### Exercise data

□ □ □ □ □ □ □

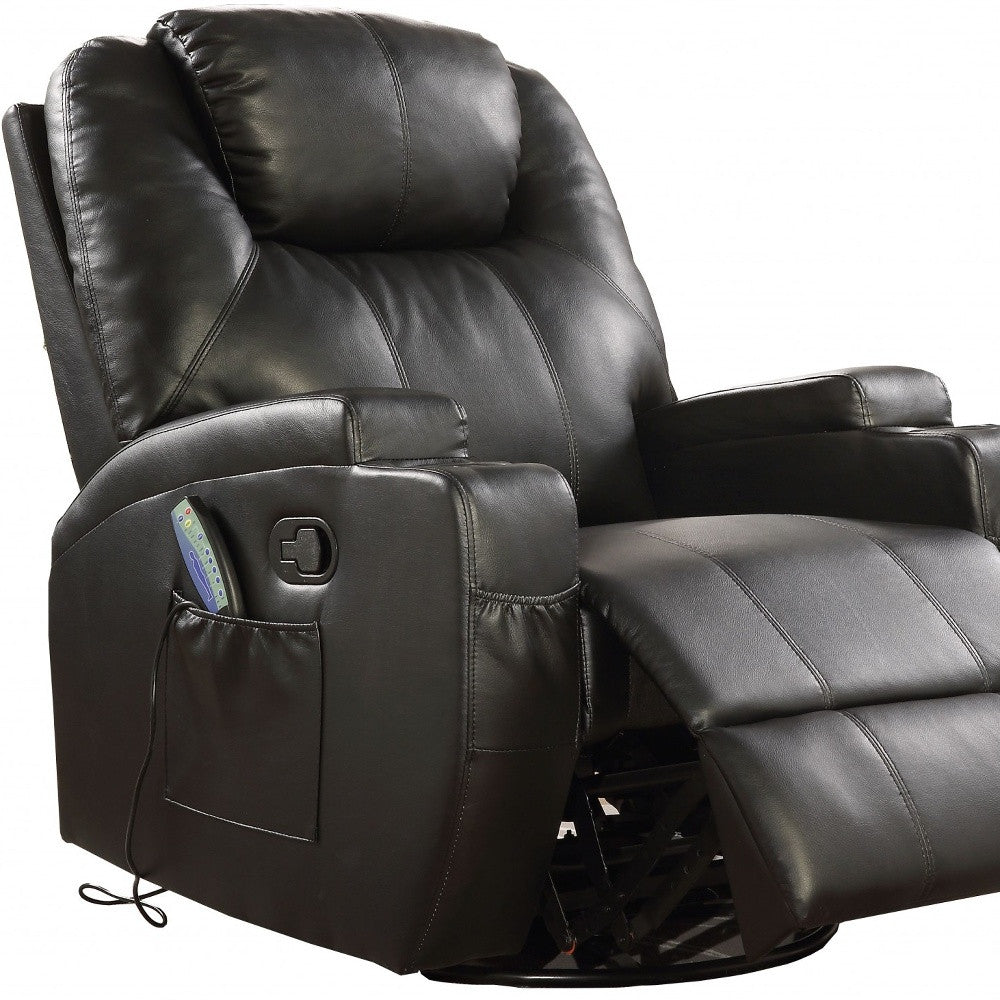Barnett Heated Massage Recliner – Black Leather Match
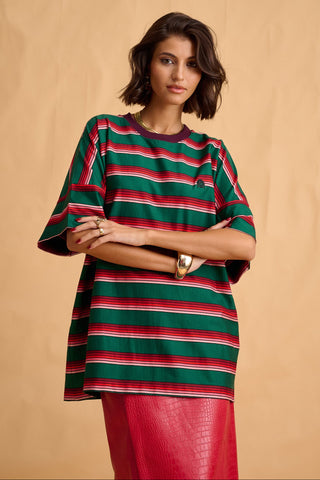 karavan clothing fashion fall winter 25 homecoming collection aggie tee green stripes
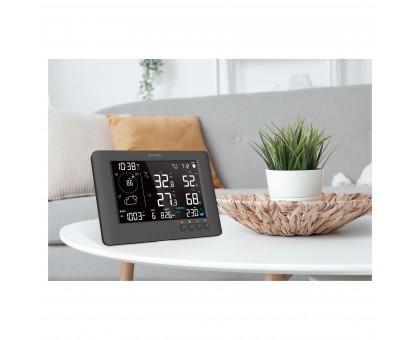 Метеостанция Sencor SWS10500WIFI, внутр/наруж измерение, от сети/CR2032x1+AAx3, темп-ра, влажность, время, прогноз погоды, атм. давление, скор. ветра, подкл. К WIFI, чёрный Метеостанция Sencor SWS10500WIFI, внутр/наруж измерение, от сети/CR2032x1+AAx3, темп-ра, влажность, время, прогноз погоды, атм. давление, скор. ветра, подкл. К WIFI, чёрный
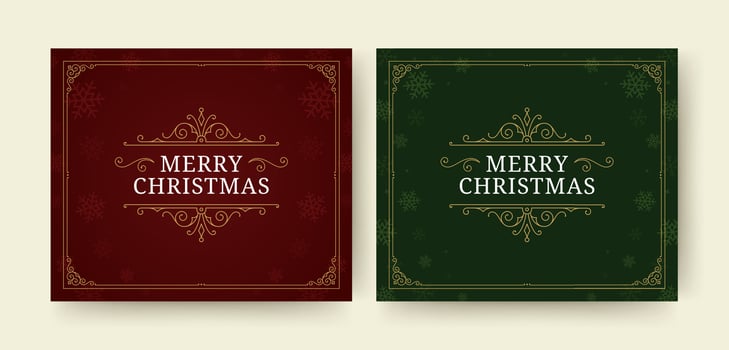 Merry Christmas luxury retro Victorian frame social media post design template set vector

□ □ □ □ □ □ □

### Assignment
Give back only the lines from the one that carries "karavan clothing fashion" through the final line above, both included. Drop all pictures.

### Problem solution
 karavan clothing fashion fall winter 25 homecoming collection aggie tee green stripes
 Метеостанция Sencor SWS10500WIFI, внутр/наруж измерение, от сети/CR2032x1+AAx3, темп-ра, влажность, время, прогноз погоды, атм. давление, скор. ветра, подкл. К WIFI, чёрный Метеостанция Sencor SWS10500WIFI, внутр/наруж измерение, от сети/CR2032x1+AAx3, темп-ра, влажность, время, прогноз погоды, атм. давление, скор. ветра, подкл. К WIFI, чёрный
 Merry Christmas luxury retro Victorian frame social media post design template set vector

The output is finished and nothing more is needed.